Planning a special needs birthday party is really not that much different than planning a birthday party for a child without special needs. For either child you should take into account all of their likes and dislikes, with the goal of having as many of their favorite things and as few (if any) of the things they don’t like, as possible. If you can, involve your child in the planning so that they can help you make decisions related to their big day.
Of course, don’t involve your child if you know that they’re going to ask for something totally unattainable. You know, like having Taylor Swift or a real dinosaur at their party. Or “tie-dyed” cupcakes that involve separating the batter into six different bowls, coloring them with different food dyes, layering each color into each individual form in the cupcake pan, and then baking them, all the while muttering that you’ll never, ever do it again—this may or may not have been me.
I’ve learned over the years to think about my kid’s personality and come up with a potential theme that I think they’ll like, and then run that by them. Some kids like choices and some don’t, so factor that into consideration too. You can easily make the choice for them if they’d prefer that. However, don’t make it a surprise if your child absolutely, positively panics in the face of surprises.
Here’s some more advice for throwing a party for your special needs child:
#1 – Keep the Party Small
If your child gets easily overwhelmed in crowds or has sensory issues such as aversion to a lot of noise, it’s best to keep the party small. Depending on the type of party you have, more children can also mean more waiting, as in waiting their turn to play a game, waiting in line to get food, etc. Most children, on or off the spectrum, hate waiting.
There’s no need to make your special needs birthday party into the social event of the year. Keep the guest list simple and invite only your child’s close friends and/or extended family members. I’m sure that if you ask your child who they want at their party, the number of names they mention could be counted on one hand—possibly two.
#2 – Ask Parents to Stay
Along with inviting just a handful of guests, ask parents to stay at the party if their children also have special needs. This will not only keep you from being outnumbered by kids, but will also prevent you from having to be in three places at once. Well, in theory at least.

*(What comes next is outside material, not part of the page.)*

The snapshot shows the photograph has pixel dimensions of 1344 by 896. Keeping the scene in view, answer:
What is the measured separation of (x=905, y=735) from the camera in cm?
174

Problems and meltdowns can happen in an instant with children, so it’s better for all involved if a parent is there to help out if their child gets upset or needs help. If a child decides that they’re no longer having fun at the party and want to go home right away, you can circumvent any potential tears or fits that would happen if they needed to wait for their parent to come by simply having them there already. Parents of kids with special needs usually won’t just drop them off at a party anyway, so this shouldn’t be a problem.
#3 – Think about Gifts
It may sound strange, but not all kids like presents. I know a little boy who doesn’t like change, including new things. Birthday presents are definitely new things!

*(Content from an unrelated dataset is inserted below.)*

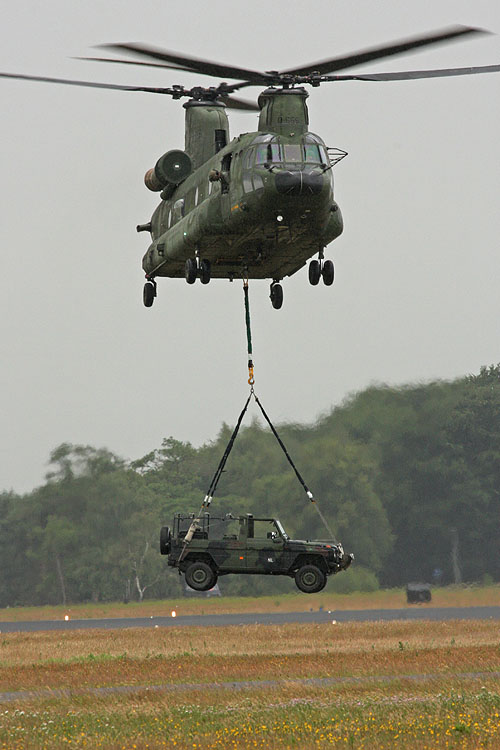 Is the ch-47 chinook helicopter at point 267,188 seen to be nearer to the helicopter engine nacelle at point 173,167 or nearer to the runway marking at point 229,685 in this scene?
the helicopter engine nacelle at point 173,167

If you have a child like this, and you think they’d do better not receiving birthday gifts, feel free to note that on the invitation to your child’s special needs birthday party. If your child merely gets anxious and would rather not open the gifts in front of other people, don’t make them. Instead, set aside time after the chaos of the party is over and the guests have gone home for them to have a quiet moment to look through the presents.
#4 – Monitor the Menu
Kid’s birthday parties are usually a time for serving up all kinds of foods that they’re not allowed to eat on a daily basis. Typically, these are sugary foods like cotton candy, cake, and all things chocolate. Kids who digest too much sugar tend to get hyperactive, and if they’re already hyperactive to begin with, you’re setting them up for behavior problems that they can’t control. Instead, consider party foods with low sugar contents, or only feature one food–such as birthday cake–with sugar in it. After all, it’s a party—you don’t want to kill all the fun, right?
#5 – Play to Their Strengths
If your child is highly energetic, do NOT plan a sit-down, make-quiet-crafts kind of party. Remember, the goal as a parent is to always try not to set your kid up for failure. Instead, a highly energetic kid will benefit from a highly energetic party—think about a sports party or keep everybody busy with lots of games. I’m talking about Musical Chairs 2.0, at the very least.
On the flip side, quiet, introspective kids will appreciate a low-intensity party. Ideas for this include tea parties and parties where it’s just the birthday child and a couple of friends out to the movies. My son loved a party where a local “reptile guy” came to the house and just quietly discussed and showed off his scaly brood.
Above all, birthdays are times for celebration, whether low-key or over-the-top. Do what will ultimately make your child happy while at the same time causing you the least stress.